Sans cesse à la recherche du bonheur, mais consciente d’avoir le plus grand mal à recevoir l’amour et à l’accepter, jusqu’à déclarer : «Dans ma vie, je ne sais rien faire, mais à l’écran, tout», l’actrice va constamment éprouver l’anxiété de l’amour comme le revers de la réussite professionnelle, quand cet état conflictuel sera lié à la compagnie d’Alain Delon ainsi qu’à une réflexion sur ses origines et son implication vis-à-vis de l’histoire de son pays. En 1977, elle écrit dans son journal : «L’homme le plus important de ma vie reste Delon. Quand j’ai besoin de lui, il me tend toujours une main secourable. Aujourd’hui encore, Alain est le seul homme sur qui je puisse compter. Il me viendrait en aide à tout moment. Alain ne m’a jamais abandonnée à moi-même, pas plus aujourd’hui qu’hier». Après «Christine», Paris est le cadre de sa transformation et Delon en sera partie prenante. Elle dira de celui qu’elle aime et avec qui elle vit au début des années 1960 : «Il m’a considérablement aidée. Il n’a jamais voulu de moi, mais il m’a fait comprendre, il m’a aidé à vouloir». Le couple se sépare définitivement en 1963. Lorsqu’on lui demandait si elle gardait des lettres de son ex-compagnon, Romy rétorquait, placide : «Non, Il n’écrivait que des billets». Le dernier, alors qu’elle rentre à Paris et trouve l’appartement vide : «Je suis parti à Mexico avec Nathalie. Salut, Delon».
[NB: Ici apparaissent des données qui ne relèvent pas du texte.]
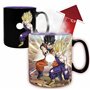 ABYSTYLE - DRAGON BALL Mug Heat Change 460 ml DBZ/Gohan Cell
«Le Combat dans l’île» (1960) d’Alain Cavalier lui offre l’occasion manifeste d’une prise de conscience politique. Elle incarne l’épouse d’un homme respectable, incarné par Jean-Louis Trintignant, qui s’avère impliqué dans un groupe d’extrême droite pendant la guerre d’Algérie. L’année suivante, elle figure dans «Les Vainqueurs». Cette coproduction des studios de la Columbia est située à la fin de la seconde guerre mondiale, pour évoquer les rapports entretenus par les soldats américains avec les femmes rencontrées au hasard de leurs déplacements en Europe, jusqu’à la prostitution. En 1962, on la retrouve au générique du «Cardinal» d’Otto Preminger, une évocation des rapports de l’Eglise avec les forces de l’axe. Ces choix ne sont pas anodins pour une comédienne qui n’a pas vingt-cinq ans et qui demeure toujours, à cette époque, Sissi «La Fiancée de l’Europe». Dans un même ordre d’idée, et en usant parfois d’un style revendicatif un peu démonstratif à l’attention des journalistes rigides, un procédé en vogue durant ces années 1970 et militantes, Romy Schneider déclarera plus tard apprécier la judaïcité de son mari Harry Meyen et se rendra en 1971 en Israël pour le tournage de «Bloomfield» avec Richard Harris, une biographie peu mémorable d’un célèbre footballeur israélien, à une époque où l’Allemagne, marquée par les années Andenauer et le dénis du passé, place encore la période nazie sous le signe de l’omerta. Après avoir souvent raconté sa jeunesse sur le mode féerique, dans ce chalet familial de Berchtesgaden situé à une quinzaine de kilomètres du tristement célèbre «nid d’aigle» de Hitler dans les Alpes bavaroises, Romy Schneider prendra toujours soin d’interroger son parcours. En 1973, lorsqu’elle signe en compagnie de 350 femmes allemandes un manifeste où elle reconnaît avoir eu recours à l’avortement (en France, l’équivalent fut baptisé «Le manifeste des salopes»), elle sera convoquée à comparaître devant la justice allemandes. Les déceptions amoureuses auront incité la comédienne à consolider sa carrière ou affirmer sa conscience politique : «Il est préférable de vivre une passion malheureuse que de passer dans la vie en se contentant d’un bonheur médiocre» avait-elle coutume de dire.